Still feeling that August is the new October, although that particular day happened to reach over ninety degrees, I watched Halloween. Not the John Carpenter original; I’ve seen that one a few times before. No, I watched the 2018 version only to learn it’s a retcon. If you’re like me you’ll wonder what a retcon is. It’s a portmanteau of “retroactive continuity.” That’s where a sequel goes back and makes adjustments, or simply ignores, story elements from the original to take the story forward. I haven’t followed the Halloween franchise. There are too many movies I want to see that are original, with fresh ideas, to be spending my time trying to find my way through an emerging mythology of a serial killer. Michael Myers, as horror fans know, inexplicably killed his sister as a child. As an adult he terrorized Haddonfield, Illinois one Halloween and Laurie Strode was the final girl.

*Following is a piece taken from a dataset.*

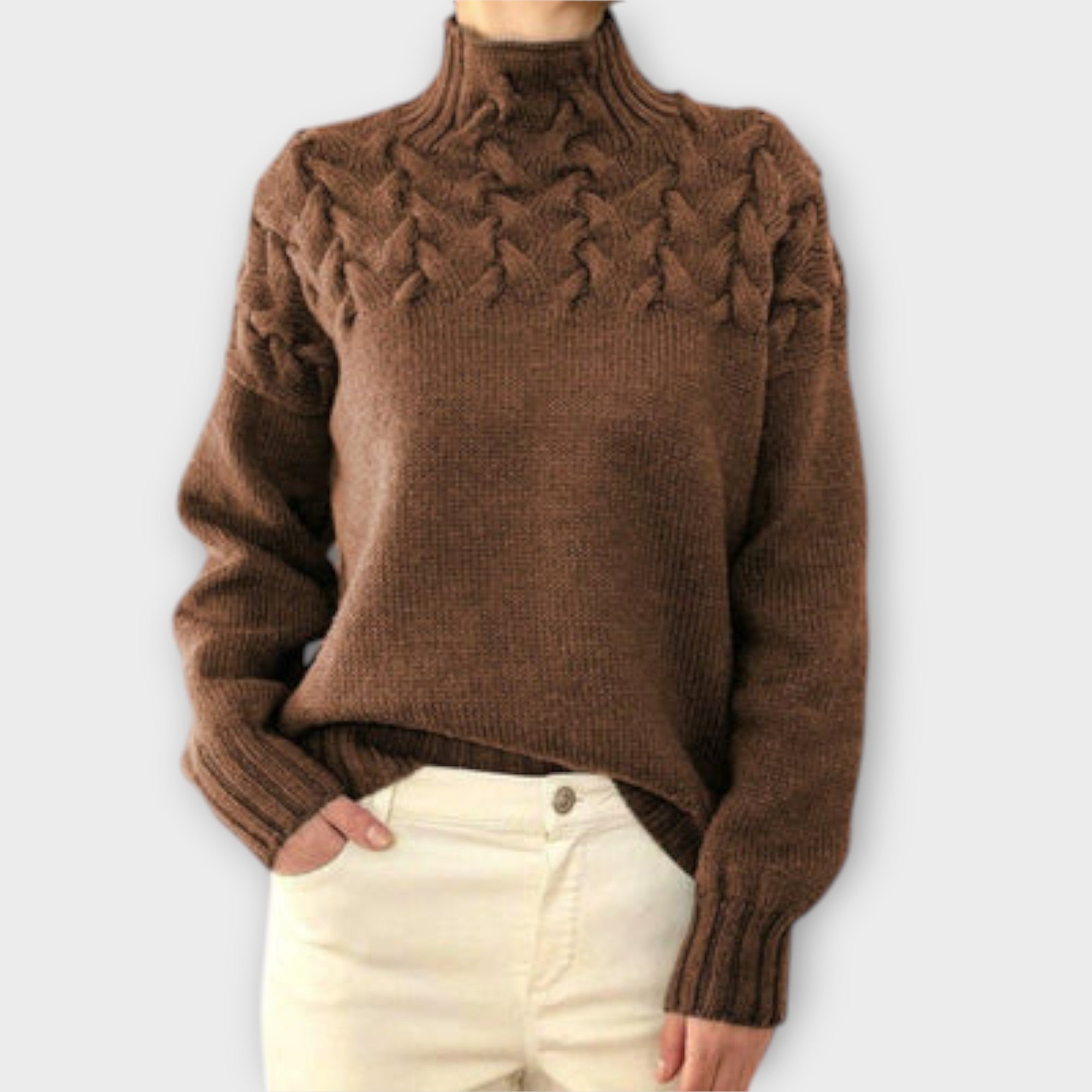 Damenpullover mit Kabelstrick-Detail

What drew me to this sequel was that Jamie Lee Curtis was back as Strode, all grown up. Michael predictably escapes again and goes for an even higher body count in Haddonfield. Laurie, meanwhile, has gone NRA and booby-trapped her entire house in anticipation of this day. You can see the draw, I hope. You kind of want to see how this ends. The original had Michael’s apparently dead body disappear at the end. In the retcon he was arrested after that and re-institutionalized. The thing is, you can never really kill a monster. Original scenes and scenarios are revisited, and those familiar with the Carpenter story are rewarded by situations that subvert expectations. Where is he hiding this time? You always watch the credits roll wondering how “the authorities” don’t realize that a guy shot, stabbed, and incinerated and keeps coming back might be something other than human to be put in an asylum.
I should know better than to watch these kinds of movies when I’m home alone, but I don’t. So it’s a good thing that I try to piece all these things together. We have three strong women—three generations of final girls here, and the obligatory basis for a sequel. (At least two, in fact, bringing the franchise up to thirteen movies.) Laurie’s granddaughter is among the virginal, non-drinking final-girl prototypes. Her less Puritan friends are killed off, although her worthless boyfriend survives the night. You’ve got to love the endless self-references of such situations. That’s why we keep on coming back. We’ve seen it before but we still want more. Even if it’s only August.